Method of manufacturing a coated glazing panel and glazing panel

Abstract

A protective coating is used in heat treating a coated glazing panel.

Description

This invention relates to glazing panels and particularly, but not exclusively, to low emissivity glazing panels which are intended to undergo heat treatment following application of a low emissivity filter.

Optical filters, often applied to glass substrates in the form of transparent coating stacks, may be used to regulate the optical and thermal properties of glazing panels. However, such coating stacks may be susceptible to damage during manufacturing of the glazing panels, for example during handling and transportation of the glazing panels and particularly during heat treatment of the glazing panels which may be desirable to heat strengthen, harden, temper or bend the coated glazing panel. Furthermore, the presence of the transparent coating, particularly a low emissivity coating, may render heat treatment more difficult, particularly in maintaining the glazing panel flat or planar during and once heat treated and in having acceptable properties in the coating stack after heat treatment.

According to one aspect, the present invention provides a method as defined in claim 1.

According to further aspects, the present invention provides glazing panel as defined in claim 10 and claim 11.

Dependant claims define further preferred embodiments of the invention.

The protective coating need not be an organic or acrylic paint; it may be, for example, a paint, an organic resin, an organic coating, an aqueous emulsion, a solution of synthetic rubbers and/or synthetic resins. The protective coating may comprise a solvent, particularly an organic solvent; it may comprise a pigment or, alternatively, be substantially free of pigments. The protective coating may be in a state of partial but not total polymerisation.

The protective coating may be applied to the glazing panel in liquid form; it may be applied, for example, by spraying or by curtain wall coating. The protective coating may cover the entire surface or substantially the entire surface of the glazing panel and/or the transparent coating; it may provide a substantially continuous and/or substantially uniform covering.

The protective coating may have a thickness of greater than or equal to 15μ, 20μ, 25μ, 30μ, 40μ or 50μ; it may have a thickness of less than or equal to 200μ, 150μ, 120μ, 100μ, 80μ, 65μ, 50μ or 40μ.

The glass sheet may have a thickness of from 1-3 mm, from 2-5 mm, from 4-9 mm or more.

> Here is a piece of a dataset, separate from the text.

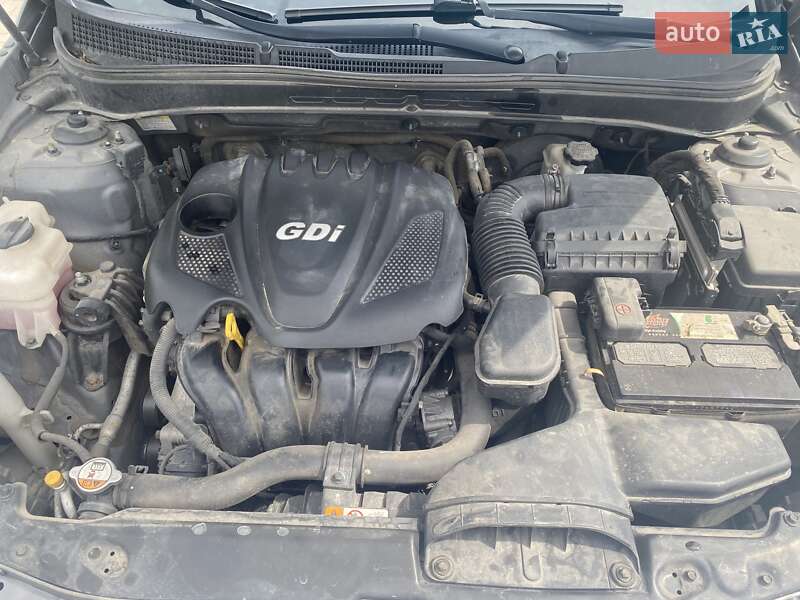 Фото Hyundai Sonata з оголошення AUTO.RIA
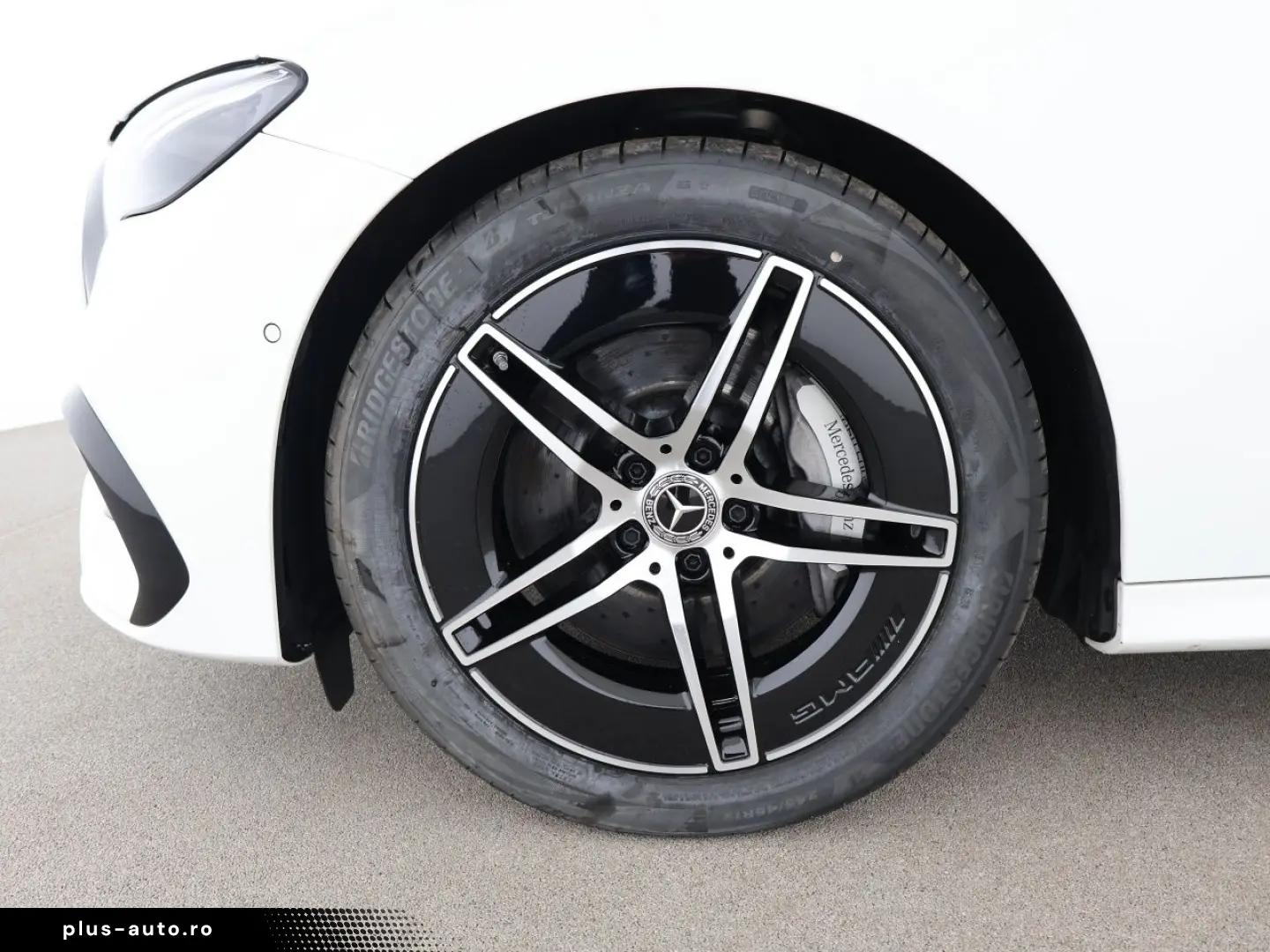 MERCEDES-BENZ E 200 AMG Night Distronic Ambiente Win&hellip;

The heat treatment process may comprise a bending and/or a tempering and/or hardening operation. The term “heat treatable glazing panel” as used herein means that the glazing panel carrying the coating stack is adapted to undergo a bending and/or thermal tempering and/or thermal hardening operation without the haze of the so treated glazing panel exceeding 0.5, and preferably without the haze exceeding 0.3. The term “substantially haze free heat treated glazing panel” as used herein means a glazing panel which has been bent and/or thermally tempered and/or thermally hardened and has a haze that does not exceed 0.5 and which preferably does not exceed 0.3. The heat treatment, particularly in the case of a bending operation may be carried out at a temperature of at least 600° C., 620° C. or 640° C. for at least 6 minutes, 10 minutes, 12 minutes, or 15 minutes. In the case particularly of a tempering and/or hardening operation, the heat treatment may be carried out at a temperature of at least 600° C., 620° C., 640° C., 650° C., 660° C., 670° C., 680° C. or 690° C. for a duration which may be greater than or equal to 1, 2, 3, 4, 5, 6, 7, 8, 9 or 10 minutes and which may be less than or equal to 4, 5, 6, 7, 8, 9, 10, 12 or 15 minutes. The heat treatment process may comprise directing a fluid, for example air at ambient temperature, over the heated glazing panel so as to rapidly cool it.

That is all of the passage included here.